What is required
The range to repeat runs from the line with "Large Molle Outdoor Travel Backpack" to the last line below, both ends included; give it exactly and without pictures.

Brief descriptive captions

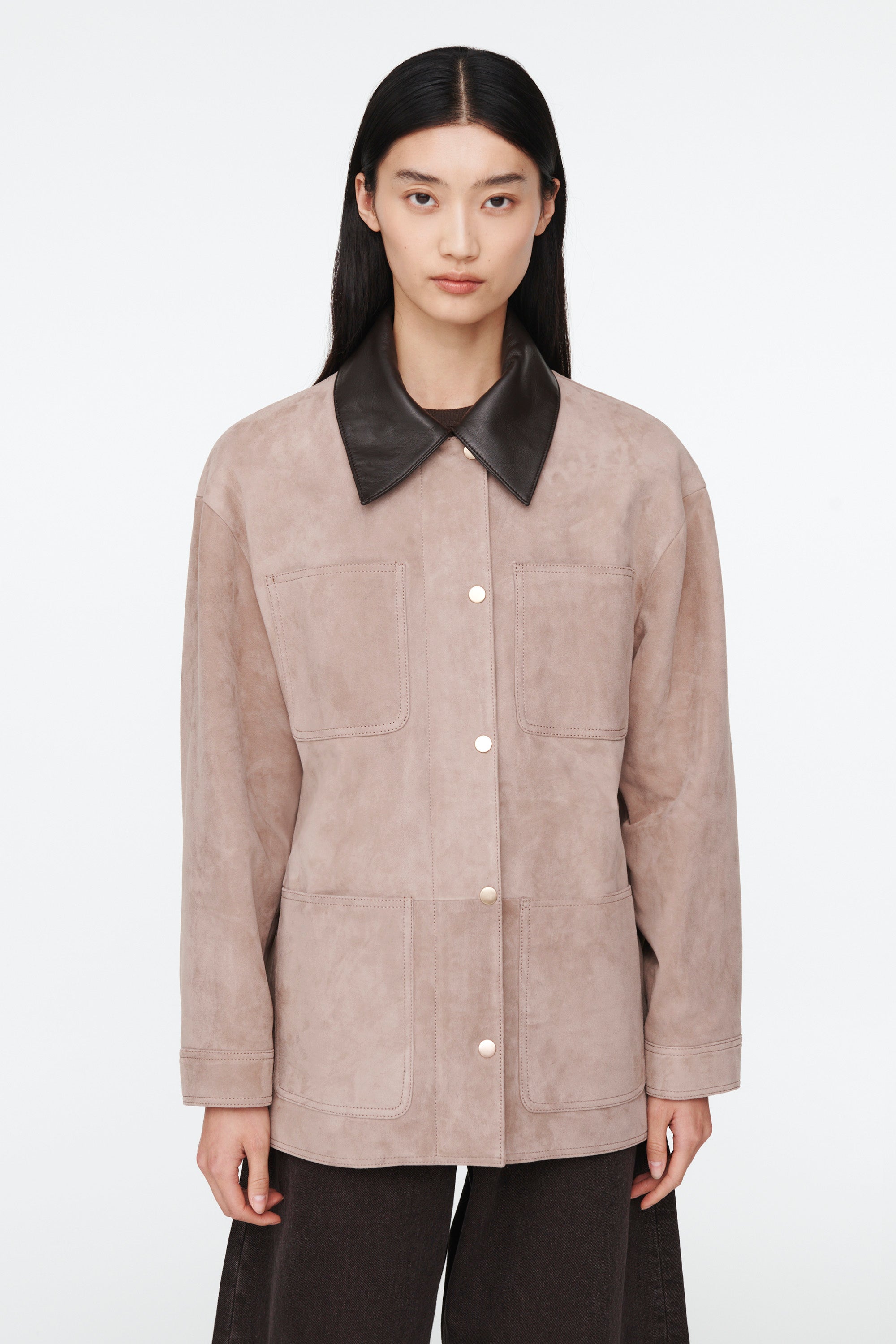 Stella Suede Jacket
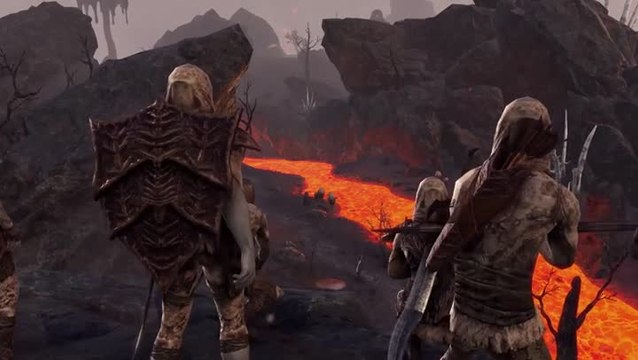 The Elder Scrolls Online Morrowind Bande annonce de lancement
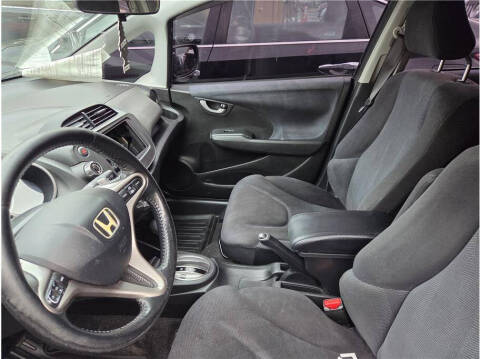 2010 Honda Fit Sport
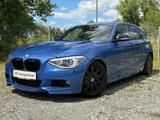BMW 118d*M-Sportpaket*Xenon*Sportsitze - BMW 118: 118d M Sportpaket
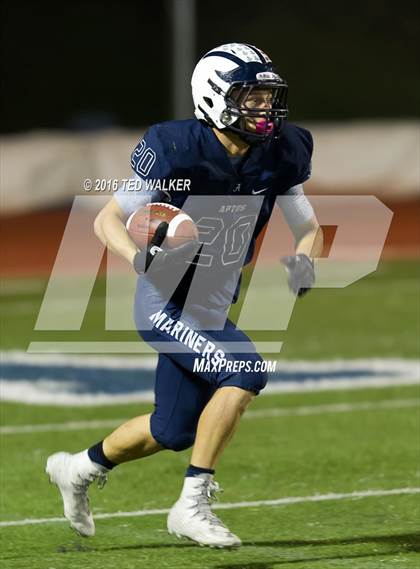 Thumbnail 2 in Aragon @ Aptos (CIF CCS Open D3 Playoffs) photogallery.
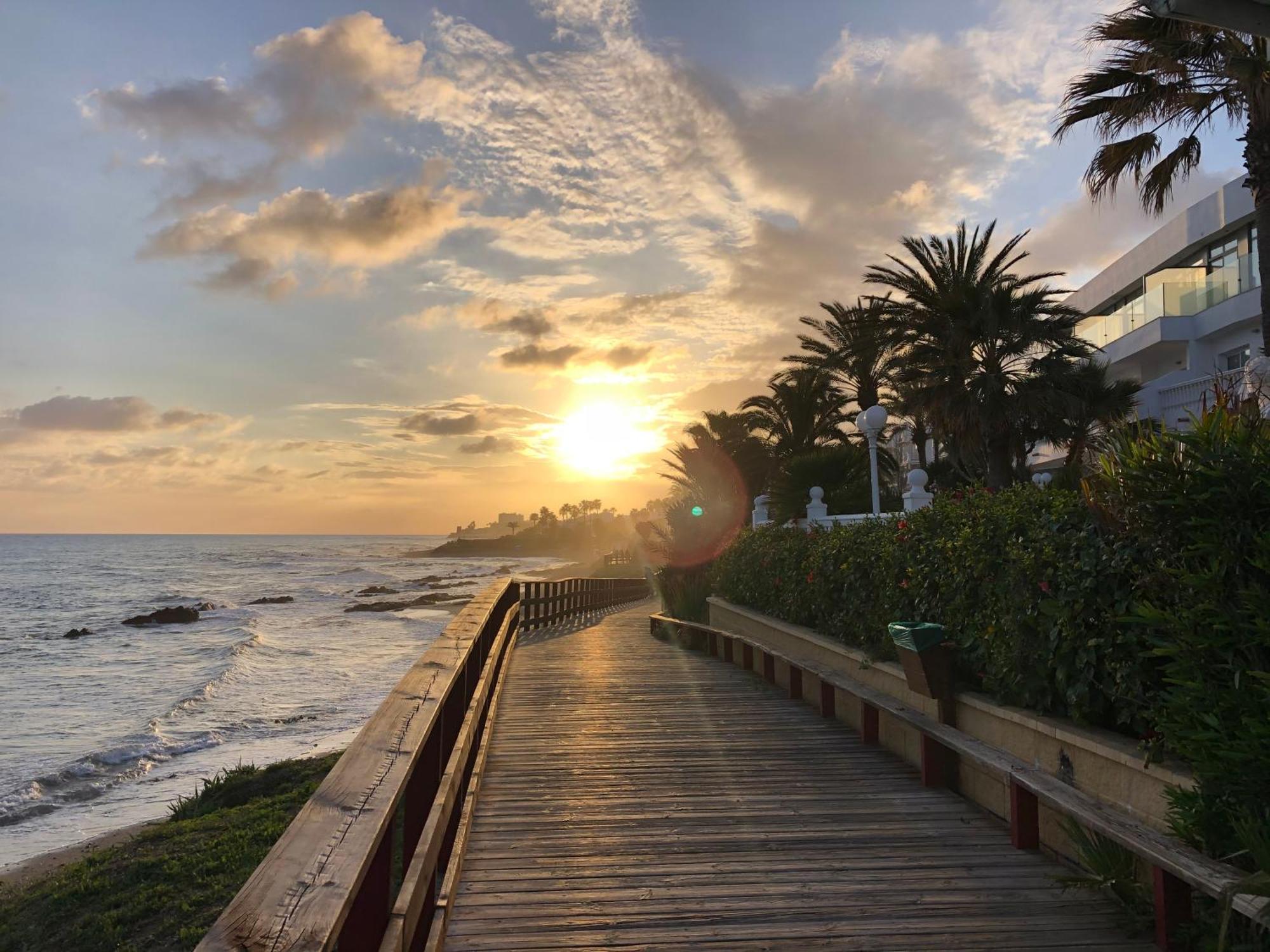 Paradise in Fuengirola Esterno foto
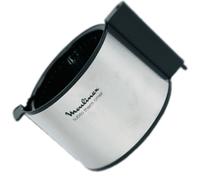 Porte filtre et clapet Cafetière, Machine à Café SS-203078 MOULINEX Cafetière, Machine à Café SS-203078 MOULINEX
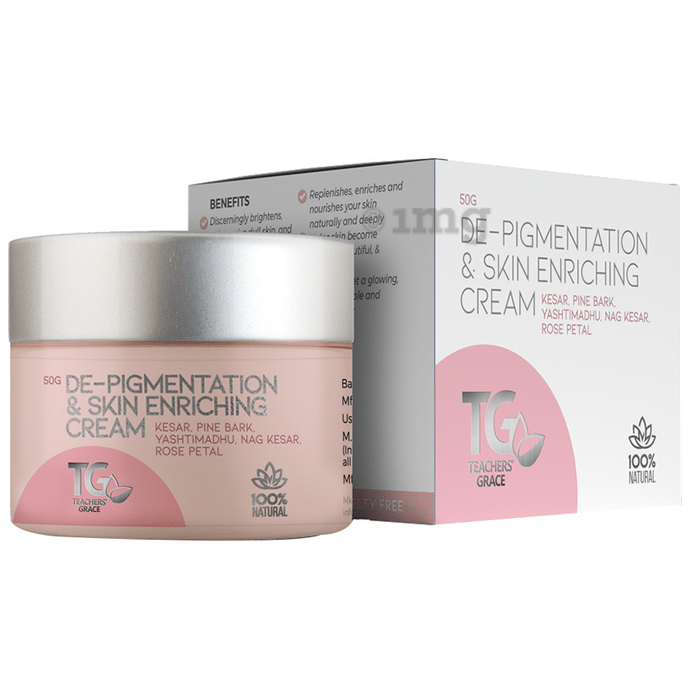 Teachers' Grace De-Pigmentation & Skin Enriching Cream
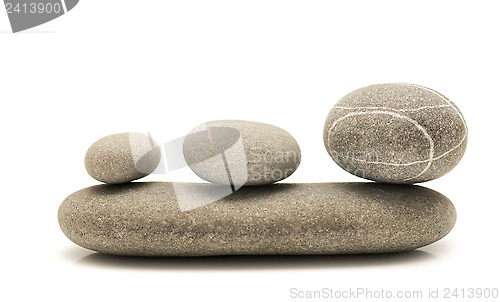 Image of pebbles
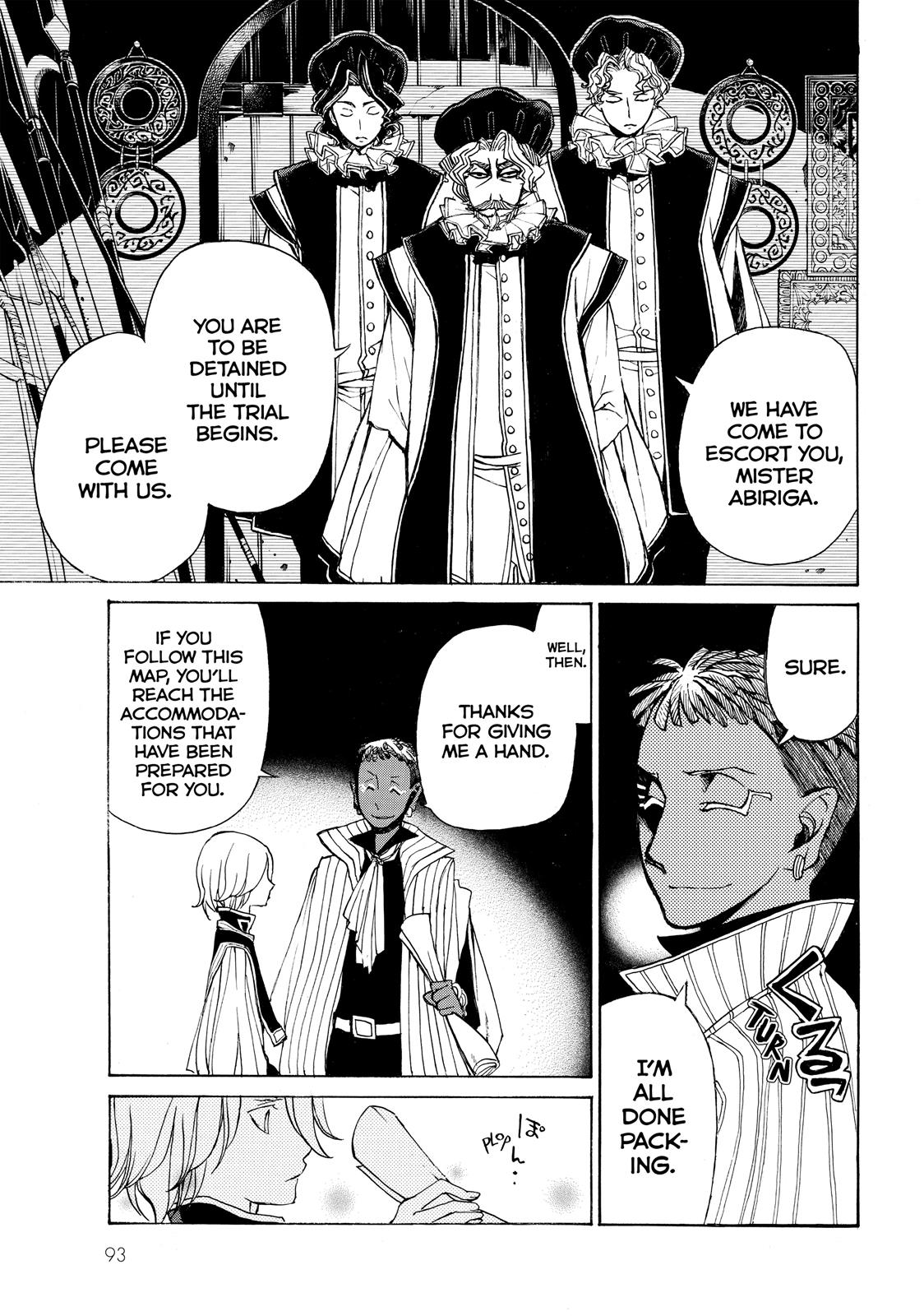 Read Altair - A Record of Battles Manga Online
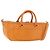 LOUIS VUITTON Epi Danura MM Hand Bag 2way Orange Mandarin M5910H LV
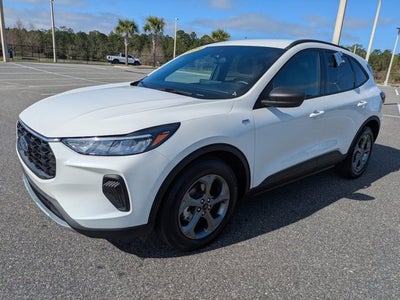 2025 Ford Escape Hybrid ST-Line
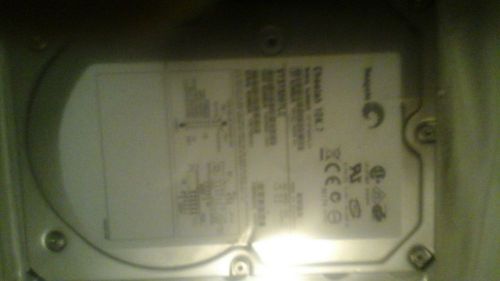 SEAGATE CHEETAH 10K.7 HARD DRIVE, ST373207LC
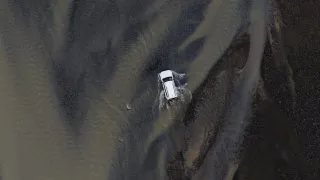 Toyota Land Cruiser Island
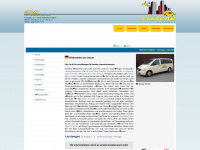 citycar-service.de Webseite Vorschau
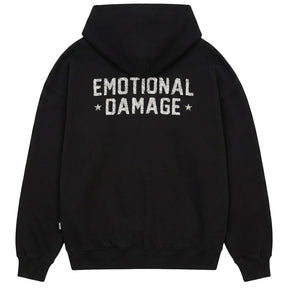 Felpa uomo Damage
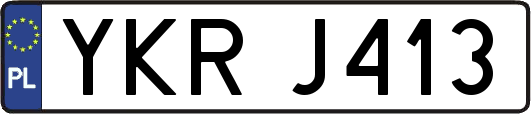 YKRJ413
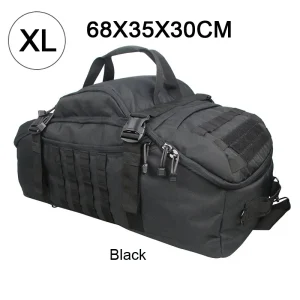 Large Molle Outdoor Travel Backpack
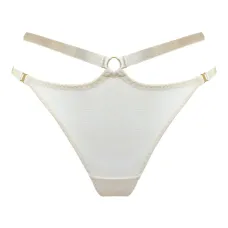 Трусы-брифы с вырезами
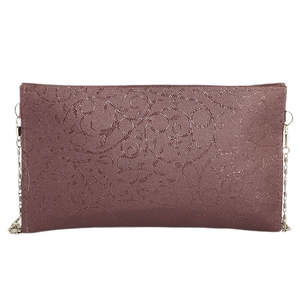 Bolso de mano para mujer (Kam-2054) - Morado - Product Image 3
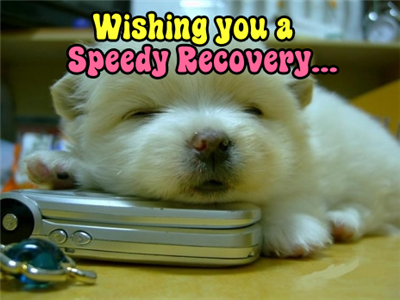 Get Well Soon 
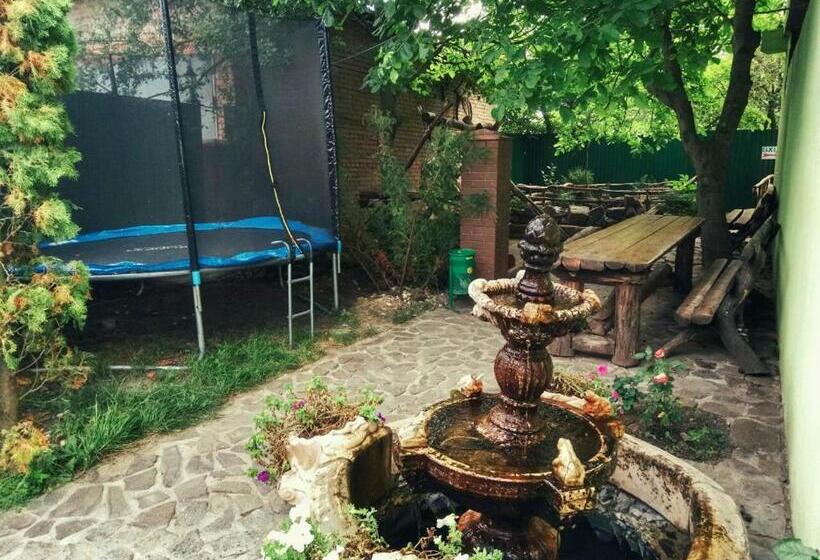 اتاق لوکس, готель сауна водопад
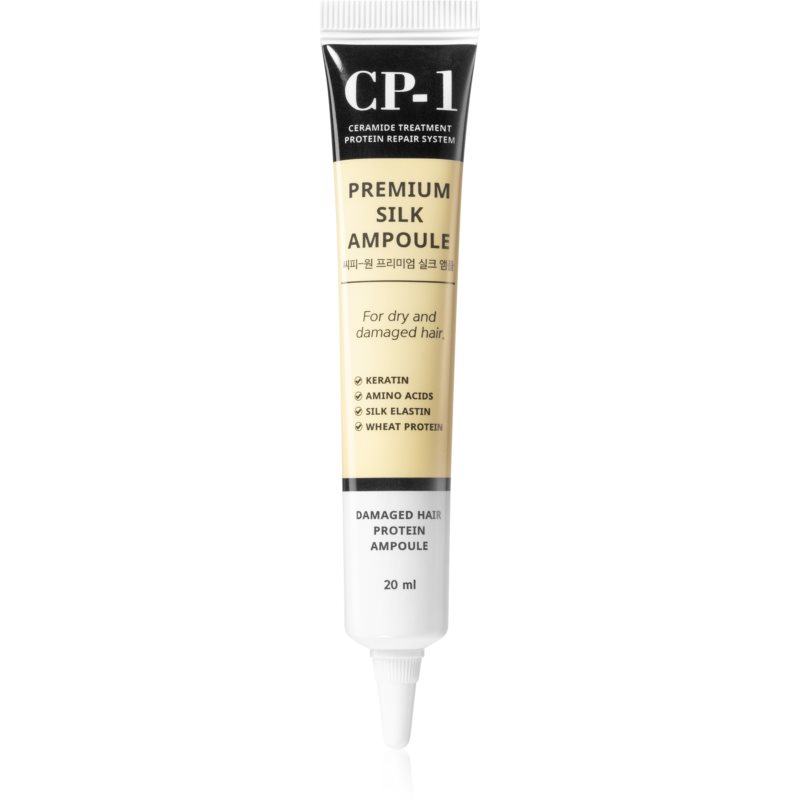 CP-1 Premium Silk Restorative Leave-in Treatment For Dry And Damaged Hair 20 Ml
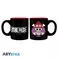 Abysse One Piece - Ace & Trafalgar Emblems Mug set, 110 ml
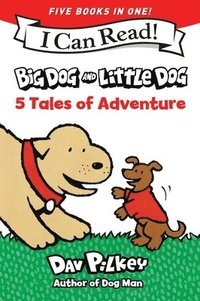 bokomslag Big Dog and Little Dog: 5 Tales of Adventure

Expected answer
 Large Molle Outdoor Travel Backpack
 Трусы-брифы с вырезами
 Bolso de mano para mujer (Kam-2054) - Morado - Product Image 3
 Get Well Soon 
 اتاق لوکس, готель сауна водопад
 CP-1 Premium Silk Restorative Leave-in Treatment For Dry And Damaged Hair 20 Ml
 Abysse One Piece - Ace & Trafalgar Emblems Mug set, 110 ml
 bokomslag Big Dog and Little Dog: 5 Tales of Adventure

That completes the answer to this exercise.